Еще он в ту пору много рассуждает о том, что музыка есть вещь в себе, то есть нечто безотносительное к личному чувственному опыту слушателя; он говорит: «Большинство людей любит музыку, надеясь найти в ней такие чувства, как радость, горе, печаль, или образы природы, или фантастику, или, наконец, просто хотят, слушая ее, забыть «прозу жизни». Они ищут в музыке лекарство, возбуждающее средство; для них неважно, выражен ли этот способ ее понимания непосредственно или прикрыт искусственным многословием. Дешево бы стоила музыка, если бы она была низведена до такого назначения!» [2154] Если сопоставить это высказывание с уже прежде упоминавшимся программным текстом модернизма, каковым является статья «Дегуманизация искусства» Ортеги-и-Гассета (вышедшая в 1925 году), то сходство рассуждений очевидно – вот что говорит Ортега: «Вовсе не само собой разумеется, что произведение искусства, как обычно полагают академики, должно содержать «человеческое» ядро, на которое музы наводят лоск. Это прежде всего значило бы сводить искусство к одной только косметике. Ранее уже было сказано, что восприятие «живой» реальности и восприятие художественной формы несовместимы в принципе, так как требуют различной настройки нашего аппарата восприятия. Искусство, которое предложило бы нам подобное двойное видение, заставило бы нас окосеть» [2155].

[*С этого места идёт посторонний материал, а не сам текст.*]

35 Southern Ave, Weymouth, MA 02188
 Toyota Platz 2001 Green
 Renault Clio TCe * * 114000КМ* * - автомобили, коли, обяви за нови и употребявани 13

Октет – и его новая эстетика – были вскоре поддержаны серией новых опусов, в которых часто главную роль играет фортепиано – Концертом для фортепиано и духовых, Каприччио для фортепиано с оркестром, трехчастной Сонатой и «Серенадой в тоне ля», как ее называл сам композитор. Считается, что появление этих сочинений (равно как и их музыкальный облик) были для Стравинского обусловлены не только идеологической полемикой, но и чисто практическими соображениями: потеряв после революции источник стабильного дохода, он вынужден был жить на деньги, которые зарабатывал своей музыкой; платили же в то время лучше всего виртуозам. Стравинский обладал хорошей техникой, но на фоне тогда же гастролировавших по Европе и Америке Рахманинова и Прокофьева как исполнитель он проигрывал состязание. Свою слабость он обратил себе на пользу: он стал писать музыку, в которой виртуозность была прямо запрещена, музыку, которую мог бы играть любой, вплоть до машины (в то время он сделал большое число записей для роликов механического пианино фирмы «Плейель» и отозвался об этих опытах очень высоко), если бы он только точно следовал указаниям, оставленным композиторам, – проблема, которой для Стравинского, исполняющего свои вещи, как нетрудно понять, не существовало [2156].

(То, что нужда европейских композиторов в деньгах в то время была довольно велика, показывает следующий анекдот с довольно путаной атрибуцией – его обычно рассказывают о самом Стравинском, однако Стравинский в диалогах с Робертом Крафтом утверждал, что слышал его от Равеля и про Равеля. Итак, Джордж Гершвин, познакомившись с Равелем, попросил того дать ему уроки композиторского мастерства. Равель наговорил ему кучу комплиментов и сказал, что Гершвину нет нужды брать у него уроки, так как сейчас он первоклассный Гершвин, а после занятий с ним станет всего лишь второсортным Равелем. Потом, однако, он спросил, сколько зарабатывает Гершвин своею музыкой, и, услышав ответ, сказал: «Может, это мне у вас стоит взять уроки композиции?») [2157]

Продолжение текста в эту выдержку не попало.